Write out, exactly as they stand, the line containing "My BEST Shark" and all subsequent lines up to and including the final line of the records.

Task material section start

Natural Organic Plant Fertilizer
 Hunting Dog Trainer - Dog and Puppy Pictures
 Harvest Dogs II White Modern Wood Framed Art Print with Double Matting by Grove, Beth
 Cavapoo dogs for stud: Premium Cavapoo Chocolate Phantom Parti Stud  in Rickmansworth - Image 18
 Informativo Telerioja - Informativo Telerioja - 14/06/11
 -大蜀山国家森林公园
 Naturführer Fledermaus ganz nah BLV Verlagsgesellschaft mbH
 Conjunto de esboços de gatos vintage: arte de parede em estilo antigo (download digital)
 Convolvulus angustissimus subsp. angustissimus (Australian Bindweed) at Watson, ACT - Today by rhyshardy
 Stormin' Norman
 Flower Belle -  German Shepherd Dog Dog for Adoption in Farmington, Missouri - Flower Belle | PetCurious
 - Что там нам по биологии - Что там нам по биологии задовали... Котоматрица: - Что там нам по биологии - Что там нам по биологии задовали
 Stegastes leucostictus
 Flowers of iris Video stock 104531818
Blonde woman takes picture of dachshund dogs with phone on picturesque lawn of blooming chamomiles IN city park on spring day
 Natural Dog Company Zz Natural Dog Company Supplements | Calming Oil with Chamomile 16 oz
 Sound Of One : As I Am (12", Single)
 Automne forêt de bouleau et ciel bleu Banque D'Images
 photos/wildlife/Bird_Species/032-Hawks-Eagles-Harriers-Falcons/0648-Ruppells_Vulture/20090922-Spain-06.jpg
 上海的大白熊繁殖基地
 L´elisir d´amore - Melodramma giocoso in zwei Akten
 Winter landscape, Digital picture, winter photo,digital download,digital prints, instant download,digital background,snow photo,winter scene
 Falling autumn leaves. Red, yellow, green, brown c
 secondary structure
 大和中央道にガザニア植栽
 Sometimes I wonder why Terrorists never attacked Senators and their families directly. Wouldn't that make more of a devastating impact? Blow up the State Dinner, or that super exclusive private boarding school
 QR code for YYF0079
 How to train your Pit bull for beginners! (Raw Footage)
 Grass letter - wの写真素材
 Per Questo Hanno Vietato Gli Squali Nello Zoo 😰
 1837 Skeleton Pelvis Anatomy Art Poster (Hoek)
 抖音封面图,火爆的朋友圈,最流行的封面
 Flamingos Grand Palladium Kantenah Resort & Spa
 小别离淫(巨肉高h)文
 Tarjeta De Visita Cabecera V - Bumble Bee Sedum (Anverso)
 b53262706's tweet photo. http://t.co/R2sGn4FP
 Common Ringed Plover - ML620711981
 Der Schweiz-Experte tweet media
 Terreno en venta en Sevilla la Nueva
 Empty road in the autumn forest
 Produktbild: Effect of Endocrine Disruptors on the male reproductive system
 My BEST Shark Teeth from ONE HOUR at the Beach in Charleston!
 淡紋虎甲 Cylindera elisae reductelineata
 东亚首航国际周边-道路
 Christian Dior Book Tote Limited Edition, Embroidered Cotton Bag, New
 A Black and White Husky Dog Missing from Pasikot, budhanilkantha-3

Task material section end

The completed task:
 My BEST Shark Teeth from ONE HOUR at the Beach in Charleston!
 淡紋虎甲 Cylindera elisae reductelineata
 东亚首航国际周边-道路
 Christian Dior Book Tote Limited Edition, Embroidered Cotton Bag, New
 A Black and White Husky Dog Missing from Pasikot, budhanilkantha-3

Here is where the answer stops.